TASK PROMPT. Write out exactly, with both ends included, the lines that run from the line containing "Jordan Underwear Mens" to the end of the entries. Pictures are not part of the answer.

Pictures with short captions:
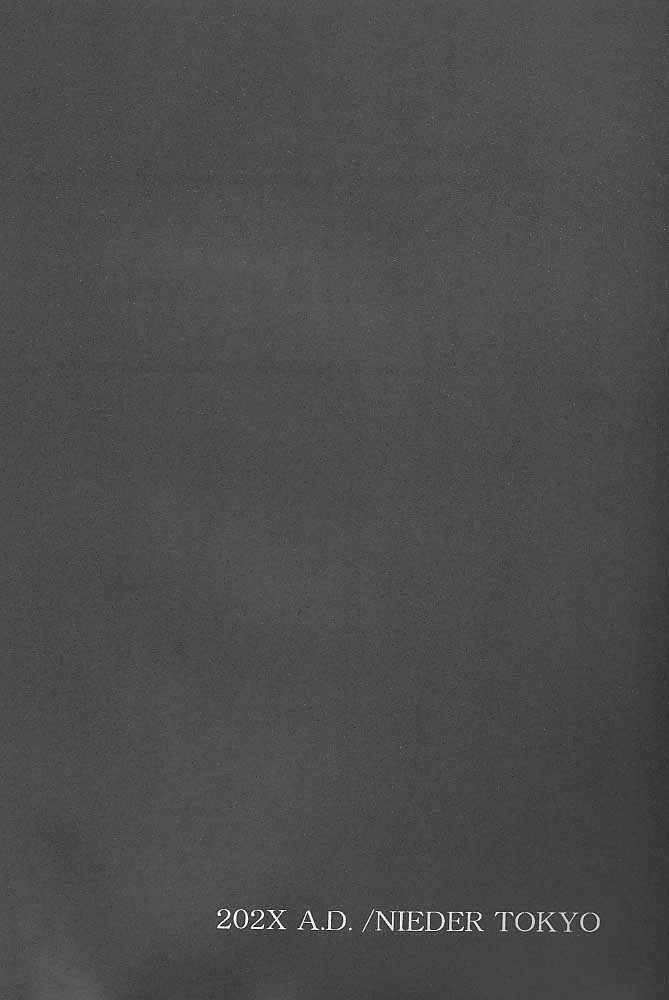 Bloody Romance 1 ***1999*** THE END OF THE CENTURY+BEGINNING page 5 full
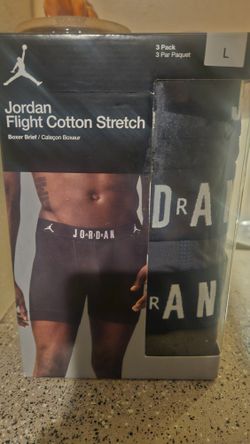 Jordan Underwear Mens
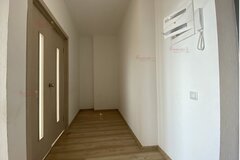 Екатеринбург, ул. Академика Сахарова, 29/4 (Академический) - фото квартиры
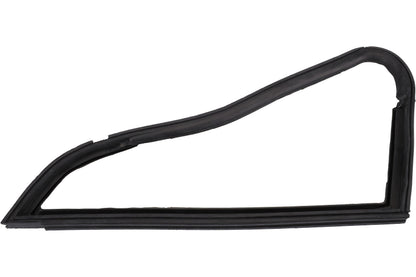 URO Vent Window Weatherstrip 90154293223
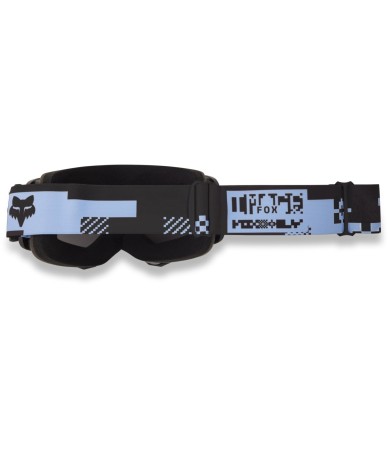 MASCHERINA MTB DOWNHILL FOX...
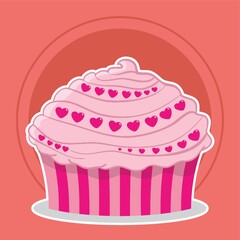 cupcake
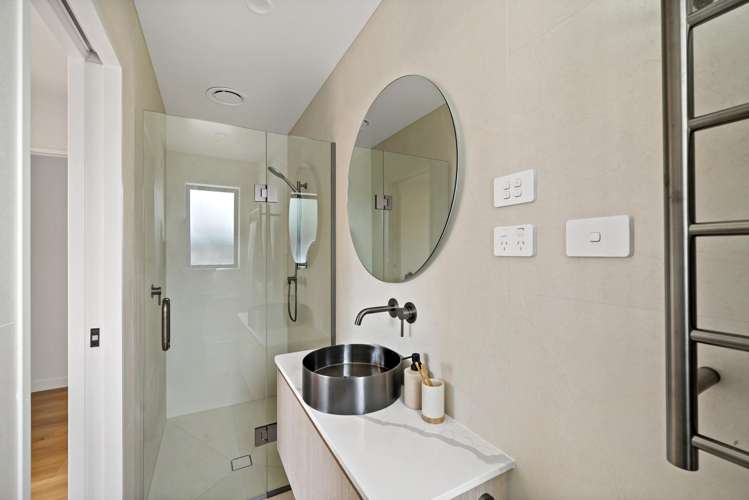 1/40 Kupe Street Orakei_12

RESULT OF THE EXERCISE.
 Jordan Underwear Mens
 Екатеринбург, ул. Академика Сахарова, 29/4 (Академический) - фото квартиры
 URO Vent Window Weatherstrip 90154293223
 MASCHERINA MTB DOWNHILL FOX...
 cupcake
 1/40 Kupe Street Orakei_12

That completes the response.